And, oh my - the music blog is actually about music this time!
Before we moved home about a year ago, we had Freesat attached to an old Sky dish a previous tenant had left behind, and therefore access to niche rock TV channels NME TV and Scuzz. Now we have to make do with Freeserve, which has only populist dross like 4Music; exposure to the chart shows on these channels has come as something of a shock. I've been largely ignoring the general charts for the best part of thirty years, and had become coccooned in a sort of indie bubble which tended to exaggerate the importance of the sort of music I was listening to. Now, in parallel with my feeling that almost all of what calls itself indie is now total rubbish (nothing but a marketing category aimed at cider-addled middle class university students), recent experience with the "official" charts has rammed home an uncomfortable point: rock music is dead.
The charts are full of music that can be categorised as urban, dance or whatever. Rock and indie is almost entirely absent, and when it does show up tends to be in its most debased forms. To take the current chart (curiously dated August 4th), the handful of entries are as follows:
No.1 Florence and the Machine - Spectrum
Number One! A good start, you might think. But the version being shown in the video charts is a Calvin Harris remix, producing the uncomfortable feeling that La Florence may end up drifting off into Sharleen Spiteri territory, as the stunt voice in mediocre pop pot boilers. Nor is Florence unequivocally an indie act, being more in the tradition of English pop eccentrics such as (the obvious reference) Kate Bush.
No.2 Maroon 5 - Payphone
No, scrub that. Maroon 5 are no more a rock band than I am a professional footballer. Also, this is an awful, awful song, with a deeply idiotic overblown video made by morons on crack.

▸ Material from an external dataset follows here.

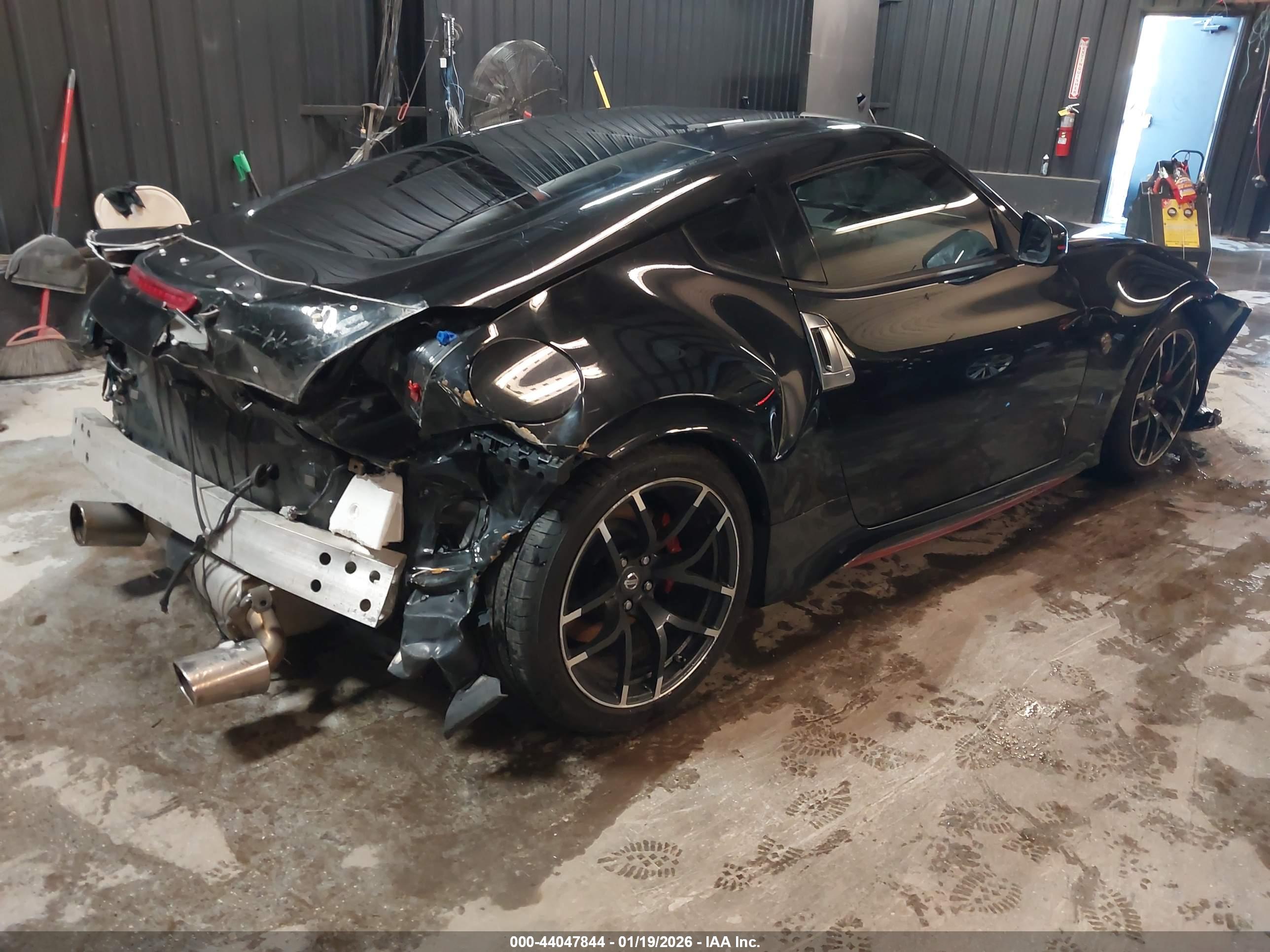 NISSAN 370Z image 4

(pans down the chart ... dum de dum ... who is Conor Maynard? - oh gods, it's the English Justin Bieber ... dum de dum...)
No. 11 Coldplay & Rihanna - Princess of China
Urgh. Britains dullest band paired with Rihanna. Boredom ensues, with another imbecilic video which seems unable to tell the difference between China, Japan, Korea and, for all I know, Norway. Coldplay have become the contemporary bellwether for lack of musical taste, the favourite of unhappily married sales executives in Vauxhall Insignias who think they're soulful. Wrong. They're stupid, and so are you.
No. 13 Carly Rae Jepsen - Call Me Maybe
No, it's not remotely rock or indie, but the video is interesting (in the way that a Nigerian scam email is interesting). Despite the fact that Jepsen's drippy princess pop is 100% machine tooled, with no human intervention beyond setting the Autotune on her feeble voice, the video shows her playing with a band. In a garage. The traditional 4/5 piece electric rock band remains the icon of musical authenticity, even when it has become increasingly irrelevant, and is wheeled out to suggest that CRJ is one of "us", even when she's merely the vacuous disposable puppet of a cynical marketing engine. Shameless.
No. 25 Gotye - Someone That I Used To Know
This has got airplay on "alternative" stations like XFM, but really it's just singer songwriter guff. This song has been an enormous success, but I can't stand it. The first half putters along inoffensively enough, though I can't say I like his voice, but then it turns into a "conversation" song with the latter part inverting the former. And I never like that sort of thing. It's trying too hard to be clever AND sensitive, and I want to hit it with a cricket bat.I can't be assed to put up the video. If you haven't seen it by now, meh.
No. 40 Ed Sheeran - Small Bump
Another one who gets onto the "indie" radio, and again it's singer songwriter drivel. I haven't heard this one, but the songs of his I have heard are appalling, and he's an annoying ginger twat. Hint, Ed - when your second (second!) single (You Need Me, I Don't Need You) whinges about other people trying to coat tail your talent, you are a conceited arsehole. I refuse to post any links to this horrible little leprechaun, who has inevitably been garlanded with BRIT Awards, and an Ivor Novello for the mawkishly horrible "A Team".
And that's it. One MOR rock group (and they're paired with an R&B siren), a loopy electro-folk belter, a handful of indie-ish nothings, mostly rubbish, and the rest is the likes of Nicki Minaj, Flo Rida and Katy Perry. Rock music has been shoved off into its increasingly irrelevant niche to be forgotten.